(Primera aproximación exploratoria)
Los fans argentinos de Gran Hermano organizan sus prácticas como devotos guardianes de lo que denominan el espíritu del programa sistematizando un conjunto de saberes que han acumulado a lo largo de todas y cada una de las ediciones emitidas. A partir de estos saberes han establecido códigos de reconocimiento que son los que utilizan para juzgar las conductas de los participantes y de la Producción del programa, lo que en lenguaje de los fans significa que si has sido elegido para ingresar al juego tienes que jugar y que ese juego tiene que desarrollarse sin ningún tipo de interferencia por parte del equipo de producción.
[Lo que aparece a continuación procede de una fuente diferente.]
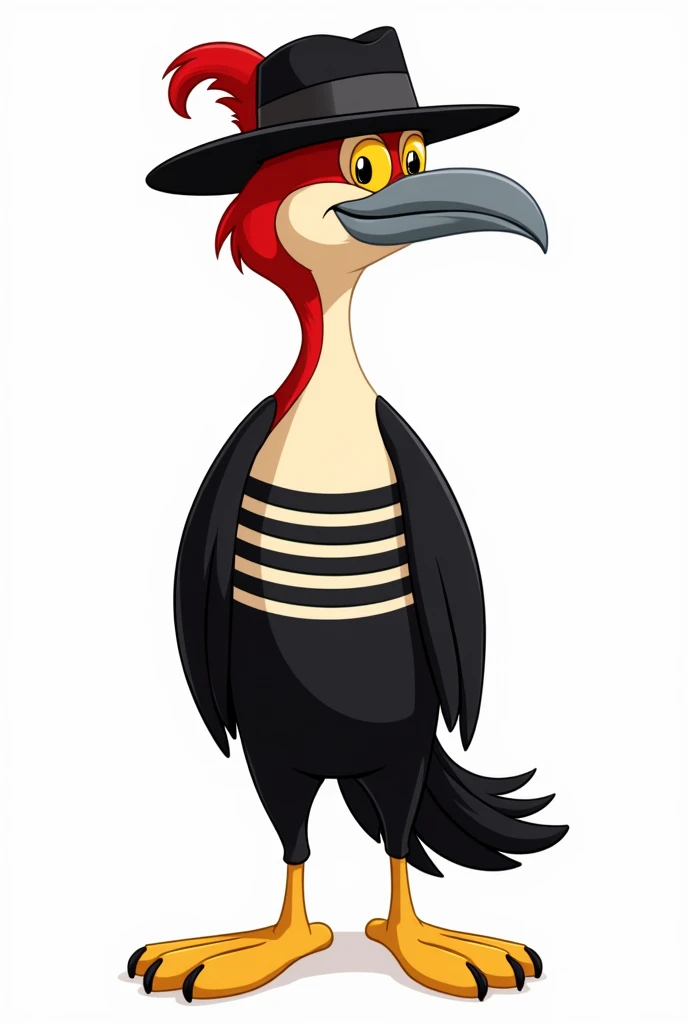full body character art, a humanoid woodpecker in the Looney Tunes art style, the feathers on its head are red, the feathers on its body are black, on its chest the feathers have a horizontal striped pattern in black and white, its nose is gray, its eyes are yellow , my feet are yellow, totally cartoon style, he wears a black fedora with a small red feather, black fur, yellow eyes, front pose, white background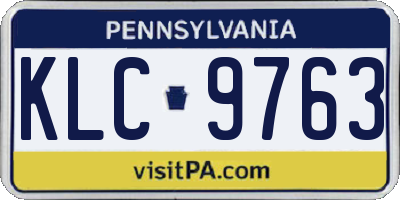 PA license plate KLC9763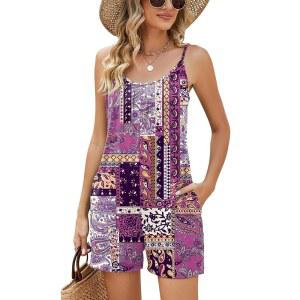 로몬 여성 캐주얼 여름 민소매 롬퍼 루즈 조절 가능한 스파게티 스트랩 신축성 반바지 점프슈트 주머니 포함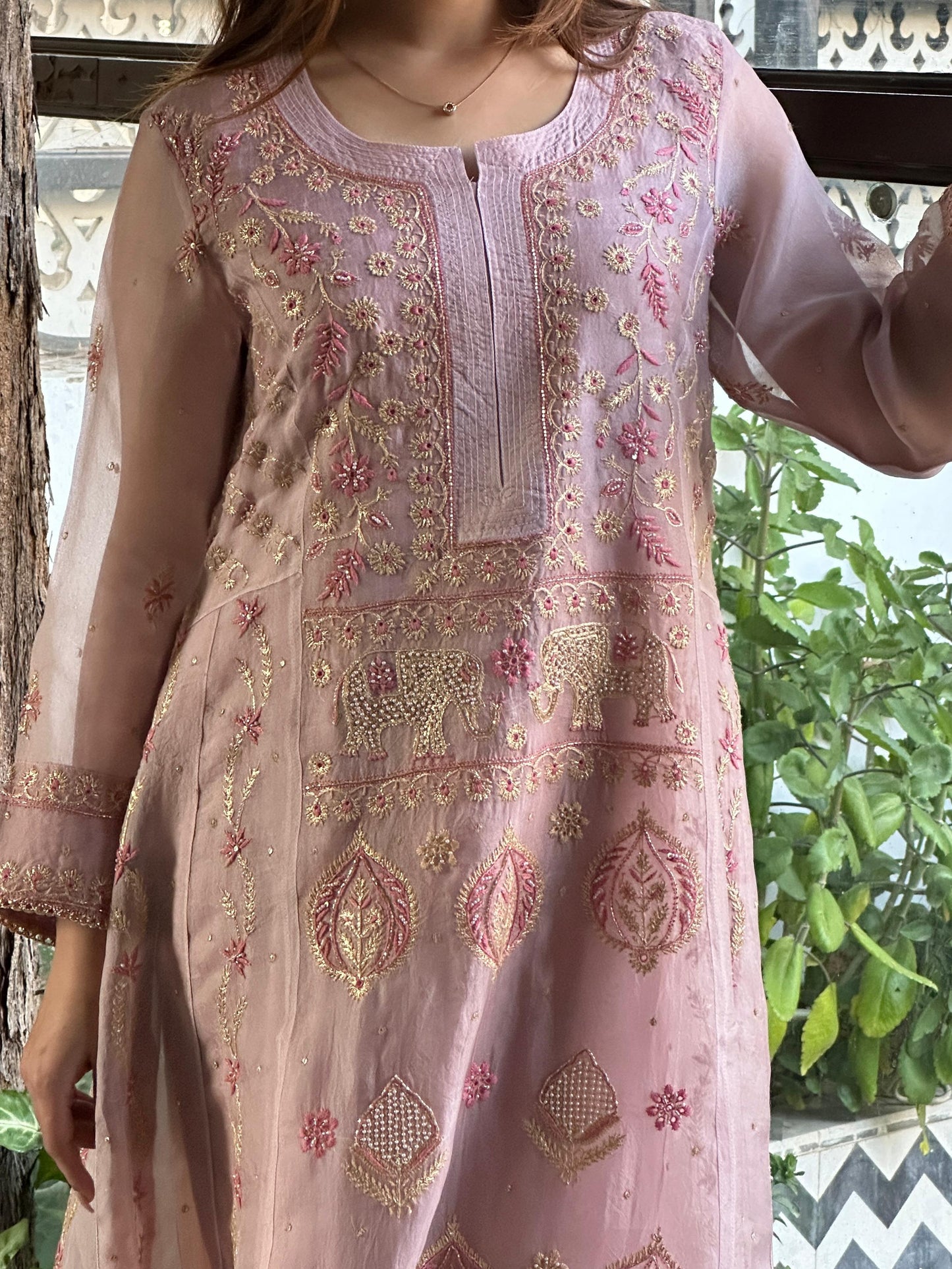 Mauve Pink Shade Noor Organza Chikankari A Line Kurta With Dupatta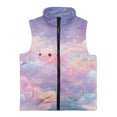 thumbnail image 4 of Xoenoiee Axolotl Cloud Print Warm Fuzzy Girls Fleece Vest Kids Toddlers Teens Sleeveless Outerwear Zipper Coats with Pockets Winter Spring Fall Jacket Fleece Vest Tops, Size 4T, 4 of 7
De modo que una de las prácticas de los fans consiste en vigilar atentamente que se cumplan las reglas del reality-show tal como estas han sido sancionadas por la experiencia acumulada de ediciones anteriores, por el “reglamento”, y por toda otra información que han recabado, en particular a través de Internet, sobre cómo se realiza el programa en otras partes del mundo.
Los fans están convencidos de que el programa, si todo funciona bien, debe reflejar la realidad social, creencia que ha sido inculcada por la Producción desde la primera emisión. Cuando dicen que refleja la sociedad significa que lo que ocurre dentro de la “casa” es tan real como lo que ocurre en la vida misma y que por lo tanto las conductas de los participantes son una expresión fiel de los modos y maneras de ser y hacer de cualquier otro argentino o argentina que, al igual que los participantes, son personas “comunes y corrientes” es decir, ajenas al mundo de la televisión. No son actores profesionales y tampoco se espera de ellos que se comporten como tales, simplemente se les exige que sigan siendo tal como eran antes de ingresar al programa asumiéndose como “jugadores” y no como actores, aunque para jugar tengan que simular no ser quienes en realidad son. De modo que aunque los fans saben que están visionando un reality show, es decir, un simulacro de realidad espectacularizado por la televisión, exigen ver solo realidad, pura realidad, transparente, no mediatizada. Quieren reality pero no quieren show.
Este régimen de creencia que sujeta a los fans explica los motivos por los cuales la relación que establecen con el equipo de producción del programa siempre es conflictiva y asume la forma de violentos cuestionamientos a su accionar. ¿De qué se acusa a la Producción? De convertir al reality en un show alterando las reglas del juego arbitrariamente, editando grabaciones para favorecer o perjudicar a algún participante, ficcionalizando la realidad para hacer ver algo que en realidad no sucedió, ocultando sucesos, generando conflictos artificiales e, incluso, hasta alterando el resultado de las votaciones realizadas por la audiencia. Para los fans, convertir a Gran Hermano en un show significa que la Producción está más interesada en el rating y en generar ganancias a sus expensas en lugar de ser un vehículo neutral de transmisión de eventos en directo.